▶ [What you should do]: Leaving out every picture, copy the lines of the material below exactly, from the line containing "Edith Almeida - @edyturismo - Instagram" through the line containing "QQ20250604-103145.png".

▶ [Data for this exercise]:
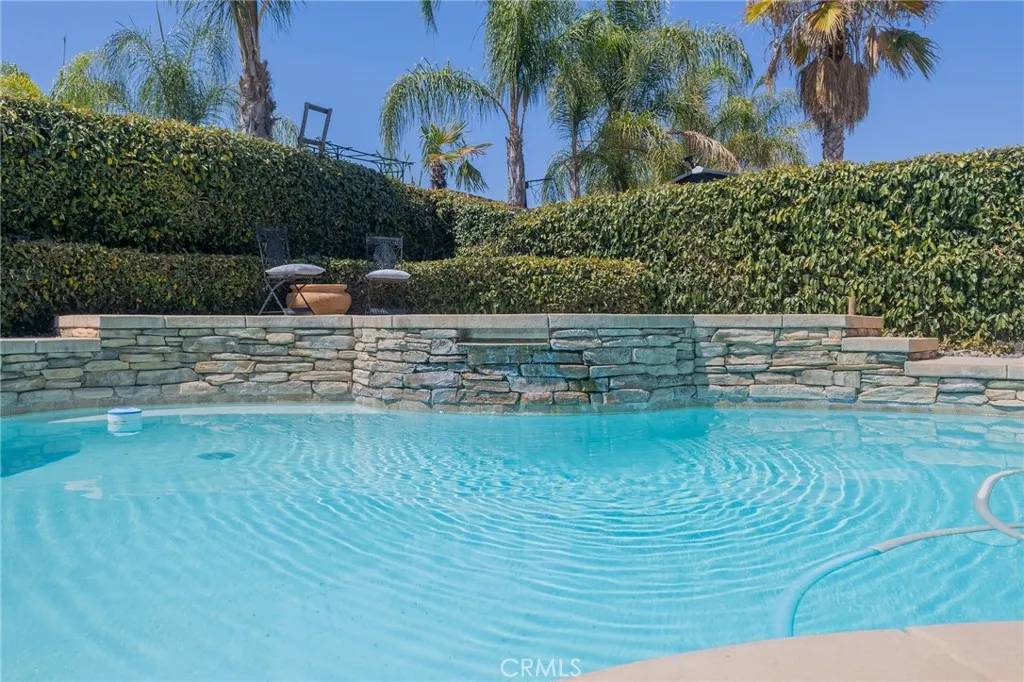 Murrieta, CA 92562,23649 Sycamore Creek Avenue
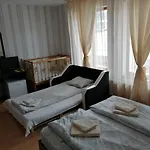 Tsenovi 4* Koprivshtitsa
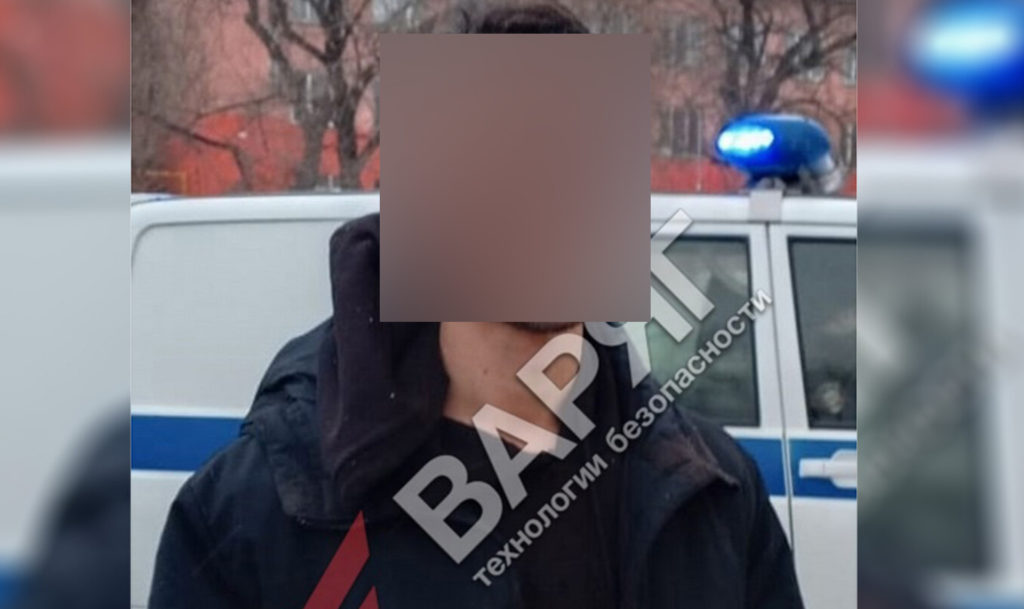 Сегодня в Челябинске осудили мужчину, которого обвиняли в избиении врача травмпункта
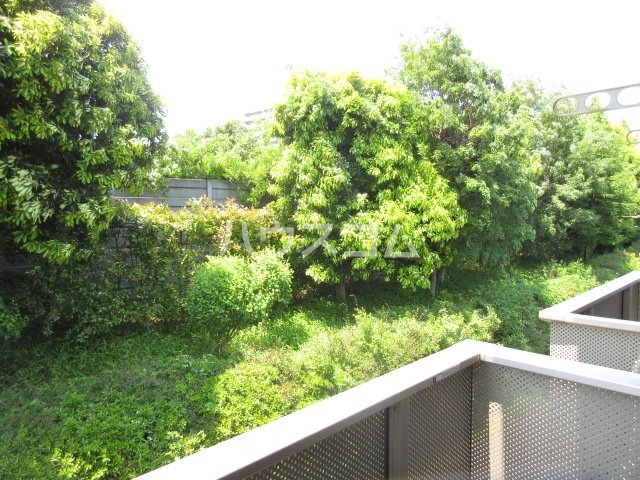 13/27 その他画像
==
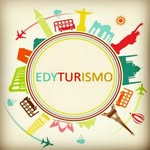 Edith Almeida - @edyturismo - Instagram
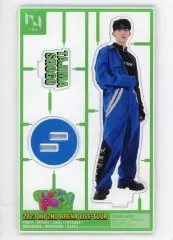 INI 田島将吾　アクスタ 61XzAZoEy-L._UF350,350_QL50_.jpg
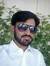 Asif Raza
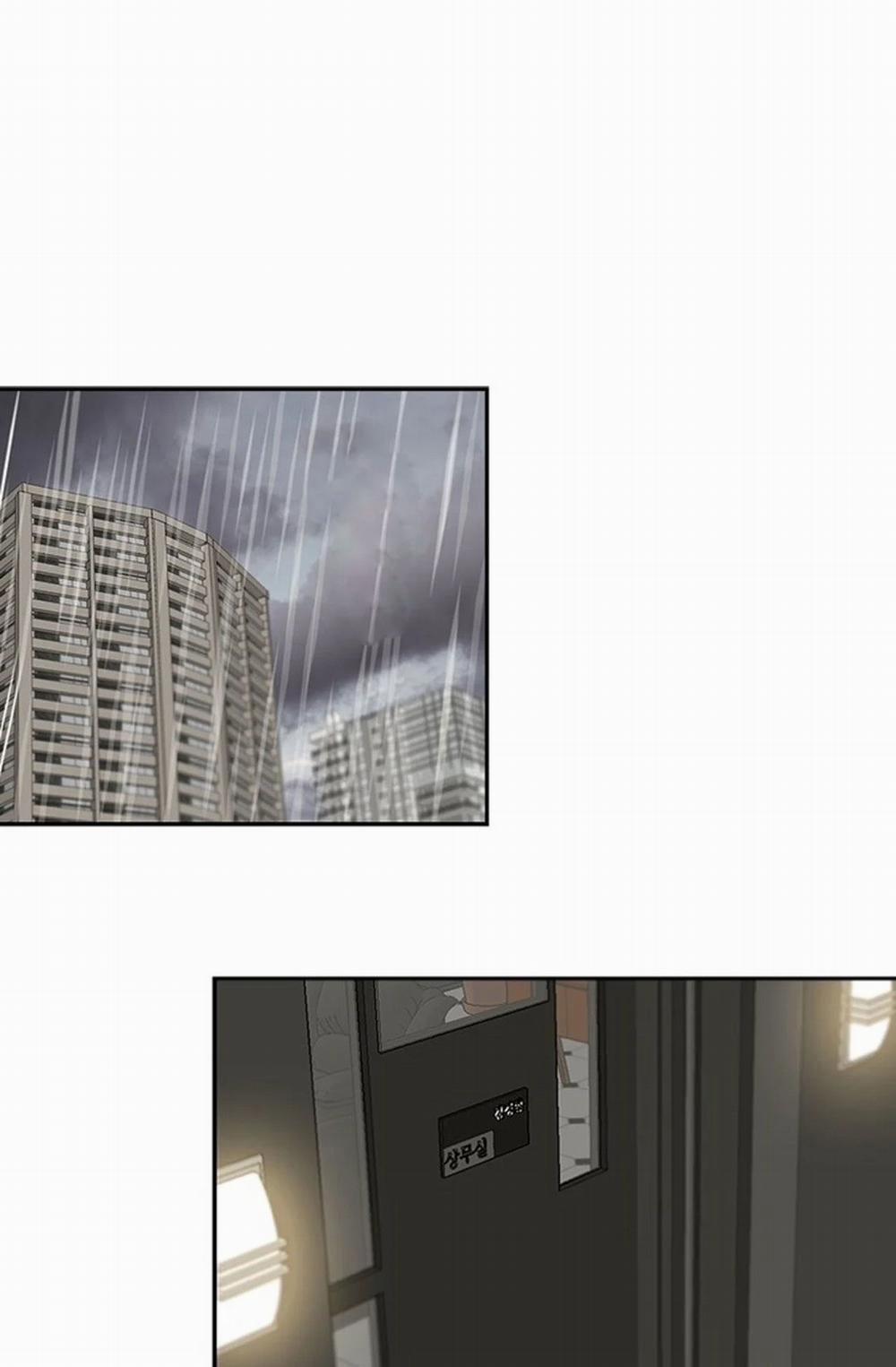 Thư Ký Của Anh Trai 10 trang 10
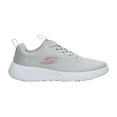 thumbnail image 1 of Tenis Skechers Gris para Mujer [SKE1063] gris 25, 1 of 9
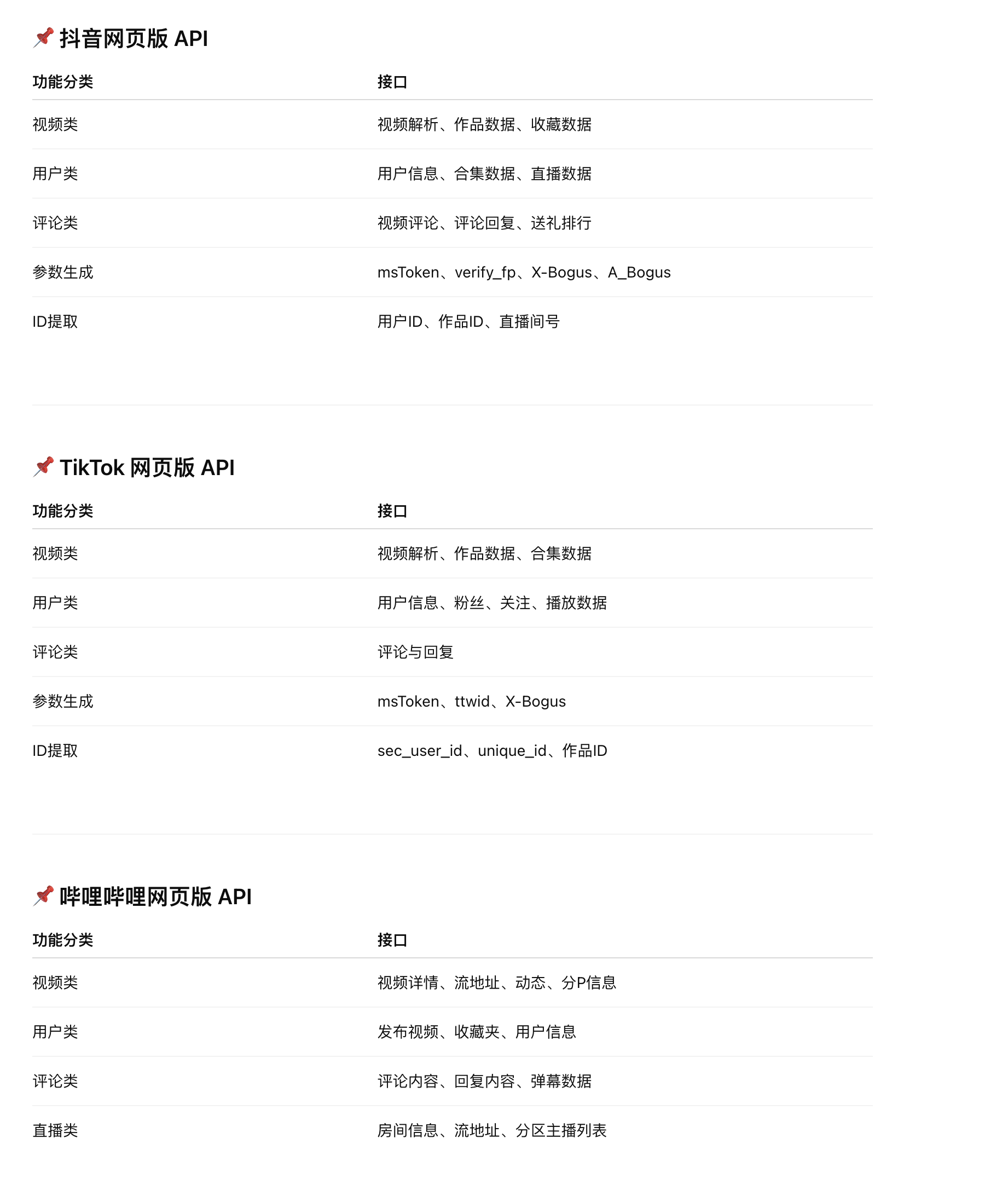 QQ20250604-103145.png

▶ [Solution]:
 Edith Almeida - @edyturismo - Instagram
 INI 田島将吾　アクスタ 61XzAZoEy-L._UF350,350_QL50_.jpg
 Asif Raza
 Thư Ký Của Anh Trai 10 trang 10
 thumbnail image 1 of Tenis Skechers Gris para Mujer [SKE1063] gris 25, 1 of 9
 QQ20250604-103145.png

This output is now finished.